Originally Posted by NumberSix
Well, the United States’ #1 foreign policy is that no single country dominates any region. Whether it’s Iran in the Middle East, Russia in Eastern Europe/Eurasia or China in south east Asia. If you prevent any country from becoming a dominant regional power, you prevent them from becoming a world power like the United States.
No doubt. In a vacuum, I don't care about being the sole superpower, though I realize scaling back could create an opening for someone else to step up.
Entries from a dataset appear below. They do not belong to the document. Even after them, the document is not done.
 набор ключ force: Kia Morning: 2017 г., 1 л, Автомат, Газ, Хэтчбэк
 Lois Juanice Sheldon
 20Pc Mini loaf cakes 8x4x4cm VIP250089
That does complicate things, and arguably lends itself to the idea that we should
be the only straw the stirs the drink.
I get the concept that being heavy on interventions and putting our hands in cookie jars helps to perpetuate our "empire", but I'm not sold that it's the only (or even best) way to sustain our leadership role. Is the US objectively more trustworthy compared to leaving more power in the hands of even less humanitarianism-focused countries? Yes. We probably agree there. I just don't buy that that's one of our top priorities either.
Oftentimes the result of our interventions are a net negative. Not in every case, but the financial incentive of perpetual war is impossible to deny. Our leaders tend to err on the side of more war in any case where it's even debatable. Considering that a plurality of people view us as the top threat to world peace, I do think being involved in 8 interventions atm (and counting) is not a good thing.
A real debate can be had about whether or not the pros of our "world policemen" role actually net balance out the cons, but it would be nice if we practiced some
of what we preached when it comes to human rights issues. Higher standards in terms of who we choose to back. Our approach is Machiavellian and hypocritical, to be kind.